Par exemple dans notre cas, le XML rendra possible une structure qui permettra de grandes opportunités en matière d’interopérabilité et de recherches avancées dans les documents.
Contrôler la mise en page
Tout aussi importants que puissent être les aspects d’accessibilité et de compatibilité, les économies substantielles en temps et en argent sont des raisons toutes aussi séduisantes d’adopter les standards du web.
Le W3C a créé et développé un langage de présentation nommé “Cascading Style Sheet”. La première spécification CSS fut rédigée en 1996. À cette époque, le support CSS dans les navigateurs était un rêve à atteindre, mais avec l’évolution des CSS, le support dans les navigateurs s’est grandement amélioré. Nous sommes désormais dans une position où nous pouvons enfin commencer à profiter de ce puissant outil qui permet de remodeler totalement un document HTML.
Par le passé, les développeurs web créaient des mises en page HTML qui étaient contrôlées par des images transparentes, des astuces HTML et des balises de formatage.
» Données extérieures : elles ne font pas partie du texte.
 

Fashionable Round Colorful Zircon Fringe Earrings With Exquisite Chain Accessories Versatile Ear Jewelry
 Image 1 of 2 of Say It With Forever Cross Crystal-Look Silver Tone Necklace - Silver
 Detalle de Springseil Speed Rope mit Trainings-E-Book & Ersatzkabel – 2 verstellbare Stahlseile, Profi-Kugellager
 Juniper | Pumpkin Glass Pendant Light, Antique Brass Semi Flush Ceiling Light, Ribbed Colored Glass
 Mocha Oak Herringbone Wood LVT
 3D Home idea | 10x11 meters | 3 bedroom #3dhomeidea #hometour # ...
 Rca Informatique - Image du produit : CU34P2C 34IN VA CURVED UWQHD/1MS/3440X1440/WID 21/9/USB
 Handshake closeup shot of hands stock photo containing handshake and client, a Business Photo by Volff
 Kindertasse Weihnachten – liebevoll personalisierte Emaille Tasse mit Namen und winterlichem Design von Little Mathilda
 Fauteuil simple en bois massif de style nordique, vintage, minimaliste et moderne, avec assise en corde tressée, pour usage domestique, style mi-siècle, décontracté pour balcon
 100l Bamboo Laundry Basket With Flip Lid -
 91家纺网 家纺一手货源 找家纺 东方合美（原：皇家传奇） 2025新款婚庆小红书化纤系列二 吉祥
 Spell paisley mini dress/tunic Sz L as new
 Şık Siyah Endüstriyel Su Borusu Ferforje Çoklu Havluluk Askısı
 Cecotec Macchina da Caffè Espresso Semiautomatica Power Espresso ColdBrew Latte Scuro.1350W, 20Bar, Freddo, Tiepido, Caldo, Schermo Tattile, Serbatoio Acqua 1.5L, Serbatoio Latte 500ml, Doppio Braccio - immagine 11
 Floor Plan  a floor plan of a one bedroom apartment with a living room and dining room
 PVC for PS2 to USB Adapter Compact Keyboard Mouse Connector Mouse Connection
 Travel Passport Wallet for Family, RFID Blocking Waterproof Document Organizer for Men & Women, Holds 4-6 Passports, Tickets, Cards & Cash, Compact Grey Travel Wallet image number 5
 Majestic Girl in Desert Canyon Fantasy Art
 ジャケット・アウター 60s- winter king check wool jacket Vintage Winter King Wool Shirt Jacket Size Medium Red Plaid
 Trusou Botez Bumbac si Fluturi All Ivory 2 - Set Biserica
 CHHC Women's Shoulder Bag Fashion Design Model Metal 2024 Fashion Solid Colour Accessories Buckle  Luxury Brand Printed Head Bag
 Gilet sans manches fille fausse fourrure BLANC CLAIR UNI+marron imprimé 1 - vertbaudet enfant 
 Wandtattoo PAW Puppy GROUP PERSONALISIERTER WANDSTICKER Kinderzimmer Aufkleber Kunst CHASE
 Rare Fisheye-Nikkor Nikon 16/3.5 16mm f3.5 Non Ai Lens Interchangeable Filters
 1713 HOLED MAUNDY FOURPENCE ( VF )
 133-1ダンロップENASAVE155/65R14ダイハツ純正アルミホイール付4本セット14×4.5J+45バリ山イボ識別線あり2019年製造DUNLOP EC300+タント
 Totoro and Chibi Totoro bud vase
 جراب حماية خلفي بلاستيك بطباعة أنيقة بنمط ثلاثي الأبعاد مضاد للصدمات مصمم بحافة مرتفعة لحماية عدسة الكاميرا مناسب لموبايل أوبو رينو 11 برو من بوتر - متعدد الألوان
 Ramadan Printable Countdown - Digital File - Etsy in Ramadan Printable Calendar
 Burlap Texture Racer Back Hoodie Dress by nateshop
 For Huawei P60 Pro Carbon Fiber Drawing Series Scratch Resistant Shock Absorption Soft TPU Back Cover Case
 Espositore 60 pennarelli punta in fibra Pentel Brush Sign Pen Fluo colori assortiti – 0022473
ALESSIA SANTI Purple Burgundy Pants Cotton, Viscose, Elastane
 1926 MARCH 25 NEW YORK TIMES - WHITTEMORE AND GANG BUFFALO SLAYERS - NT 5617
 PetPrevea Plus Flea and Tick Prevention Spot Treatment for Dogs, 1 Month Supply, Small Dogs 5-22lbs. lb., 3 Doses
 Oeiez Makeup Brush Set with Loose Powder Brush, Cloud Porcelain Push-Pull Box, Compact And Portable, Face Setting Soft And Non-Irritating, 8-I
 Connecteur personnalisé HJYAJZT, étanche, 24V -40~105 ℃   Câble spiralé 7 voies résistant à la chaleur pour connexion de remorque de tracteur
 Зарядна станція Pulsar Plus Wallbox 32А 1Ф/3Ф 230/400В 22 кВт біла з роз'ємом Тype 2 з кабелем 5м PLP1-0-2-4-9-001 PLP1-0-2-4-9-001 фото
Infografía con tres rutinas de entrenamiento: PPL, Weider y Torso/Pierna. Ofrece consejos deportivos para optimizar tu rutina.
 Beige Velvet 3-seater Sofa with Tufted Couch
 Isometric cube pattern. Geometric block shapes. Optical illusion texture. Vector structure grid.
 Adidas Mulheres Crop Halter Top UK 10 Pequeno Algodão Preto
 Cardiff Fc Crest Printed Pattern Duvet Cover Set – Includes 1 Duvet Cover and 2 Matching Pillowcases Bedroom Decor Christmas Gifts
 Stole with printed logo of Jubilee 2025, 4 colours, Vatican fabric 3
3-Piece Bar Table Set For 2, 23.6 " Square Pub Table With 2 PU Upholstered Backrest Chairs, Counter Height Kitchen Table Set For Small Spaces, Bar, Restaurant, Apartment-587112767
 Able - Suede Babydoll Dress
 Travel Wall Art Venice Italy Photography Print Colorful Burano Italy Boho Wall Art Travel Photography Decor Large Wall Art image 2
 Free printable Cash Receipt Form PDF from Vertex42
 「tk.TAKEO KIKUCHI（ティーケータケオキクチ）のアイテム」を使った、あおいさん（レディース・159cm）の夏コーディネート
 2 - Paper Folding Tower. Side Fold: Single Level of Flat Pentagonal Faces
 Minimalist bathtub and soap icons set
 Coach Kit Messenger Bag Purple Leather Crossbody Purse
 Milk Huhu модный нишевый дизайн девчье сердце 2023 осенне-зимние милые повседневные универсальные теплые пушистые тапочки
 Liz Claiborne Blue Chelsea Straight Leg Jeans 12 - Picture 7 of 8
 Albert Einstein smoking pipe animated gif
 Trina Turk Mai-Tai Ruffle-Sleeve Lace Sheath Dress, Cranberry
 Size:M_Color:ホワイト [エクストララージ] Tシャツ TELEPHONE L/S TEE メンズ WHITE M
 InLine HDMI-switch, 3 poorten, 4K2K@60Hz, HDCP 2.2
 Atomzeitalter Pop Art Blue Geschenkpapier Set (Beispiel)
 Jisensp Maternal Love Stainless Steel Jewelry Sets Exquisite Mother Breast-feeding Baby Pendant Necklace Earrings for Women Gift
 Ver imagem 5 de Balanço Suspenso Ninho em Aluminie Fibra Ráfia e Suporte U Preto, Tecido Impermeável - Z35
Pour refaire un site construit de cette façon, chaque image, astuce et page devait être recréée ce qui pouvait dans certains cas prendre beaucoup de temps. Les CSS permettent aux concepteurs de contrôler la mise en page de tout un site à partir d’un seul et même document centralisé : la feuille de style.
Les CSS permettent de contrôler tous les aspects du design d’un site : typographie, couleur et mise en page. Les CSS peuvent même être utilisées pour créer des effets de déroulement. Par exemple, une zone d’un document peut être programmée de manière à ce que le texte et la couleur de fond changent au passage de la souris du visiteur. Ce type d’effet est habituellement réalisé avec des images et du javascript, mais il peut être réalisé beaucoup plus simplement avec CSS, et ce avec beaucoup moins de lignes de code.
Cet exemple n’est qu’un aperçu de ce qui peut être réalisé avec CSS. En contrôlant tous les aspects de présentation d’un site avec une seule feuille de style, les CSS offrent un niveau de contrôle inégalé sur la mise en page d’un document XHML et ce, avec un indice de bande passante incroyablement peu élevé.
Un meilleur rendement pour votre argent
Si vous utilisez XHTML pour structurer vos documents web et CSS pour en assurer la présentation, la refonte de votre site peut être aussi simple que de retravailler votre feuille de style. Vous n’aurez plus besoin de revoir l’ensemble de votre code pour chacune des pages de votre site et vous économiserez ainsi à votre entreprise du temps et de l’argent.
Par exemple, lorsque la très populaire police de caractère Verdana commencera à présenter des signes de vieillissement. Il suffira de remplacer “Verdana” par “Georgia” dans la feuille de style et le changement s’opérera instantanément à travers tout le site. Les couleurs, mises en page, bordures, ainsi qu’à peu près tous les autres éléments de design peuvent ainsi être aussi simplement maintenus.